Brave Filipino’s in action! Read MANAA’s review of a production draft of “The Great Raid,” a not yet released feature film about a US Army mission to raid a Japanese POW camp in the Philippines during World War II. It was the most successful U.S. military raid of its kind and relied on the help and ingenuity of the Filipino Resistance and its leader Captain Juan Pajota (played by Cesar Motano).
MANAA has gotten a hold of a production draft of “The Great Raid” starring Benjamin Bratt. The movie is about an American Army mission to raid a Japanese POW camp in the Philippines during the end of World War II. It was the most successful U.S. military raid of its kind – 511 prisoners of war were rescued due to this mission. Also the success of this mission relied on the help and ingenuity of the Filipino Resistance and its leader Captain Juan Pajota. If you think we are exaggerating feel free to see what PBS had to say about him.
MANAA applauds Miramax for developing this project. We also applaud the fact that this movie features nineteen Filipino actors (according to Manila Times). NINETEEN!!! MANAA has always noted that most Filipino American actors will go through most of their careers never playing a character of their own nationality. Filipinos make a living in American Cinema playing Japanese, Chinese, Latino, Pacific Islanders but rarely Filipinos. The juiciest role by far, Captain Pajota will be played by award wining Filipino actor Cesar Motano.
Unfortunately most of the roles for Filipinos are filled with Filipinos and not Filipino Americans and we regret we were not more stringent on MIRIMAX to hire more Filipino American actors. We offer our sincerest apologies to our Pinoy brothers who are actors.
As far as the script goes, we are lukewarm with what the writers have done. First, the roles Filipinos played in this raid were relegated to a minimum. The script is told through the eyes of an American LT Colonel Henry Mucci (Benjamin Bratt), a Caucasian American prisoner Major Daniel Gibson, and a European nurse Margaret Jenson. Sure there were Filipino nurses, priests, and citizens all part of the resistance but every crucial word and scene centered on the three.
Additionally, Captain Pajota and his army do not come into this story until halfway into the script. Once he appears, he does have a couple of juicy lines (teaching the Americans strategy and educating them about the Philippines and the Filipino movement) but you leave the story definitely thirsting for more. Ideally we would have wanted his role to be of same weight as Ken Watanbe’s in “The Last Samurai” but unlike “Samurai” Cesar never have enough screen time to develop the type of rapport with his co-stars and the audience. Cesar is not even listed as part of the main cast. The movie could have shown more of Pajota’s point-of-view and rightly so. He was the most interesting character in this script, he had the most invested in this mission (he waited 3 years – this was personal for him), and the most dynamic.
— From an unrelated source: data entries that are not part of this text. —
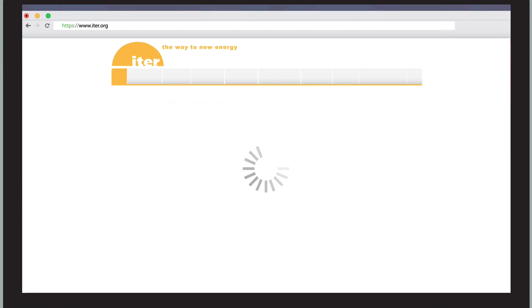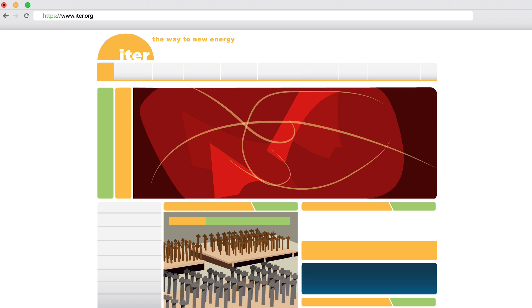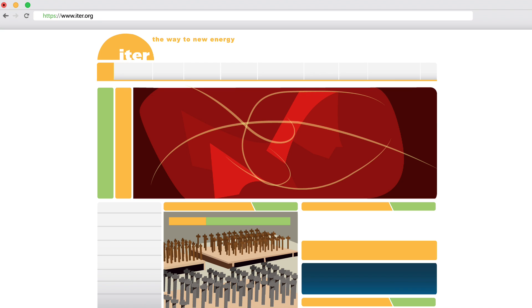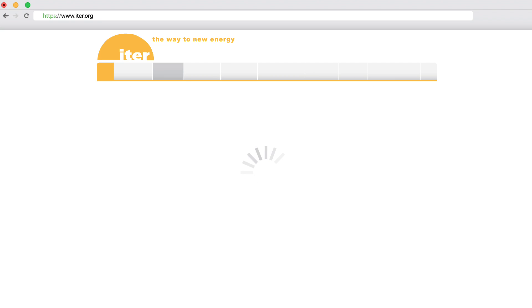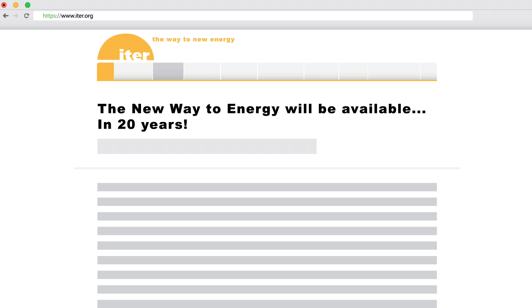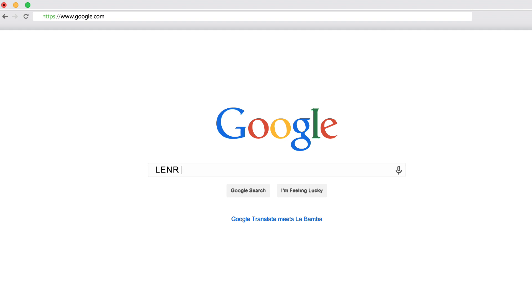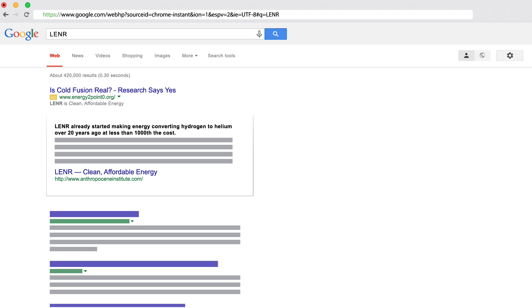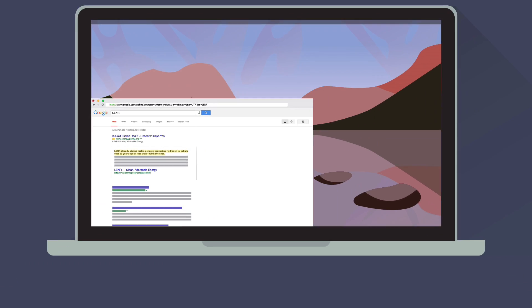ITER modestly calls themselves the Way to New Energy, but they can't deliver anything for 20 years, which is way too late for the climate. ITER's dependents can't afford to hear that LENR already started making energy, converting hydrogen to helium over 20 years ago at less than 1,000th the cost.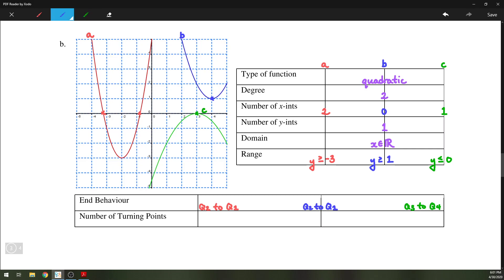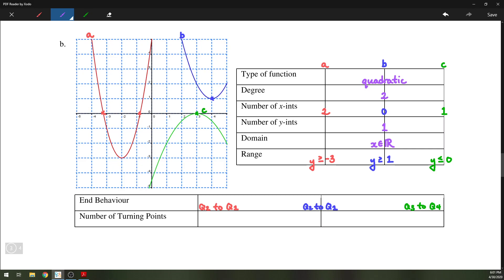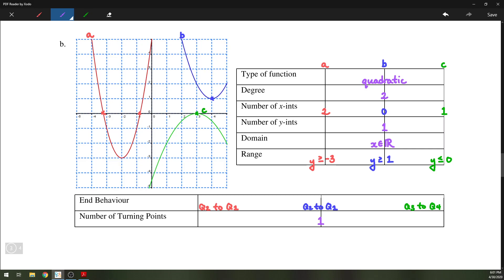All three quadratic functions have exactly one turning point. Since all quadratic functions have parabolic graphs, they change direction exactly once. That turning point is what you might know as the vertex.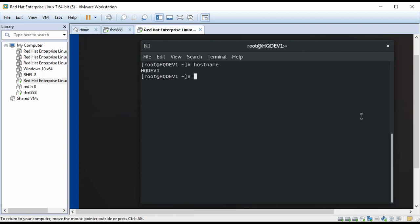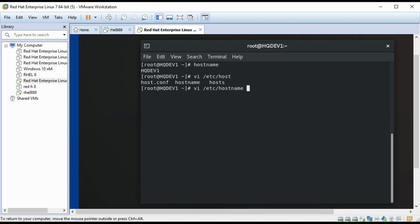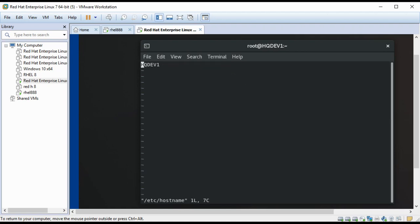If I want to change this hostname to technic for example, what I need to do is to edit the hostname file. I can just change this to technic.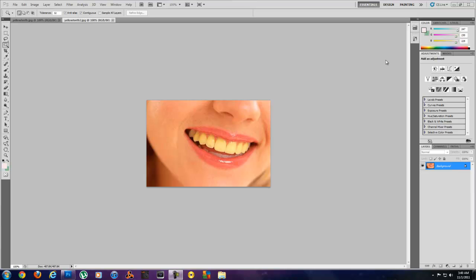I'm going to be using this picture of this woman here. She is smiling and she has some really yellow teeth. I don't even know if many people have teeth this yellow, but this is how you can fix that.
As for the portrayal of Japanese, bad news turns to worse news. First, this script abounds with the word “Jap”. “Jap” is a volatile and derogatory word to refer to Japanese. Although the word is used in a very “clinical” non-offense sense (i.e. “the Japs are retreating”), people normally use this word to offend, demoralize and, dehumanize not only Japanese but Asians and Asian Americans. I’m sure MIRAMAX can fault the era, the situation, and merely adding an air of authenticity. But these are Majors and Colonels talking tactics and strategy in a very professional setting. All of the dialogue would have not lost any credibility if they used Japanese instead of Japs.
Also, the Japanese characters are not portrayed in a very positive light. One character is described as “blood thirsty” another is described handsome although he turns out to be the most sadistic of the bunch. That character is YAMADA whose job is to identify, brutally torture, and kill the traitors. There are also countless other Japanese men slapping priests, slapping women, and killing a lot of Filipinos and Americans.
But before we get our picket signs ready, let us remind ourselves that the Japanese cruelty to the Filipinos as well as the Chinese and Koreans during WWII are legendary. There are several websites and publications detailing the war crimes the Japanese committed to the men AND women of Korea, China and the Philippines and they still have yet to make restitutions on some of them. Although it’s not a perfect balance, most of the cruelty shown by the Japanese is off-set by the courage and compassion of the Filipinos and overall MANAA feels that we must support the film based on the opportunity it gave to Filipinos.
There is no set release date. For more information you can go to
MANAA will write a letter detailing this review. We would also challenge the studio to make sure the movie poster features Cesar as well as have him listed as the main cast and part of every trailer and promo.